Assaltante compassivo
31 de julho de 2010
Esta narrativa que coloco aí abaixo é uma prova de que esta onda de assaltos não é só gaúcha e porto-alegrense: um estudante universitário de Florianópolis já foi assaltado três vezes e está contando como foi a última.
É um texto saboroso, que vale a pena ler, melhor que se fosse uma coluna minha. O rapaz escreve bem e só tem 22 anos:
*
"Caro Sant'Ana. Fui caminhando e olhando pra frente, não iria dar bola pra ele. Mas ele deu bola pra mim. Eu sou irresistível, pelo menos para assaltantes. Uns dizem que eu tenho cara de rico, outros que eu tenho cara de trouxa. O fato é que em 22 anos eu nunca tinha sido assaltado, e essa era a terceira tentativa em três meses. Acho que são esses tênis All Star que enfraqueceram minha aparência viril.
Eram quatro horas da tarde!
O negão parecia o Will Smith no Hancock. Barbudo, de touca e de casaco canguru cinza. (Se fosse feito um B.O., seria: um masculino de cútis negra, com barba, vestindo gorro e casaco modelo surf 'canguru' cinza. 1,70m de altura.). Ele atravessou a rua e veio direto. Não tinha motivo nenhum para ele atravessar a rua no meio dos carros daquele jeito, além de me assaltar, porque do outro lado não tem nada, tinha eu. Era óbvio que ele ia tentar me assaltar.
Continuei caminhando, não corri, era óbvio o porquê. Eu não tinha nada.
O Hancock falou alguma coisa que eu não lembro, levantou o casaco e mostrou o negócio. O negócio que eu digo era uma arma. Eu atraio assaltantes, não estupradores. Piadinhas à parte, ele disse então pra eu continuar andando, sem sacar a arma. 'Passa a carteirinha e o celularzinho, só isso'. Que gentil! Eu olhei meio atônito pra ele, mas não tava nervoso, afinal eram quatro da tarde e ele só me daria um tiro ali se fosse louco (e era meu terceiro assalto, experiência traz tranquilidade). Ele parecia um dos trapalhões com aquele gorrinho do Didi e aquela cara de Mussum, mas com barba.
"Pô, mano, eu não tenho nada".
"Deixa eu ver".
"Se eu não tenho nada, como que vou te mostrar?"
"Vou puxar a carteira aqui, ok?"
"Deixa eu ver esse bagulho".
"Olha, não tenho nem documentos, quanto mais dinheiro. Tá aqui o B.O., fui assaltado mês passado, não tenho mais celular".
Eu tirei o boletim de ocorrência e abri pra mostrar pra ele, enquanto ele analisava minha carteira.

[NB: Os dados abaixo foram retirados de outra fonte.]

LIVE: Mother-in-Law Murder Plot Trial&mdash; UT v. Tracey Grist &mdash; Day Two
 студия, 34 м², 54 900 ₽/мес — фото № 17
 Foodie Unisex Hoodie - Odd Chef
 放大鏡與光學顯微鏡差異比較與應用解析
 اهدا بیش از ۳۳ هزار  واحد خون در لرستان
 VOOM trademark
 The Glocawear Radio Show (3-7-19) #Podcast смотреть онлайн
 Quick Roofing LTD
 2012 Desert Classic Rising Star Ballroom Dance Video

Não parei de falar um segundo, indignado. Quando eu disse que era professor, ele se compadeceu.
"Ah, cara. Desculpa mesmo, mano. Desculpa mesmo. Só faço isso porque não tenho dinheiro e minha família tá passando fome".
INACREDITÁVEL! Ele ficou com pena de mim.
Continuei falando, meio puto, e ele continuou pedindo desculpa. Eu não tava entendendo mais nada, e bateu uma certa pena dele, tanto que ofereci pra ir no mercado e comprar alguma coisa no crédito (desde que não fosse uma TV de plasma ou um Playstation).
Ele recusou! Ainda me disse: "Capaz, mano. Não precisa. Compra alguma coisa pra ti", e continuou pedindo desculpa. Bateu um arrependimento gigante nele, parecia que era o primeiro assalto (dele, não meu, óbvio). Saí caminhando desconfiado e me sentindo meio mal. Ele voltou, me deu um abraço breve e pediu desculpas de novo.
Caminhei uns cinco metros, olhei pra trás e ele já tava em cima de outro cara pra assaltar. Então ele não tava arrependido.
Um assaltante ficou com pena de mim. É de se pensar.
Seria ele o Robin Hood moderno? Que rouba apenas dos que têm pouco, não dos que não têm nada? (ass.) Felipe Costa, estudante de jornalismo da UFSC."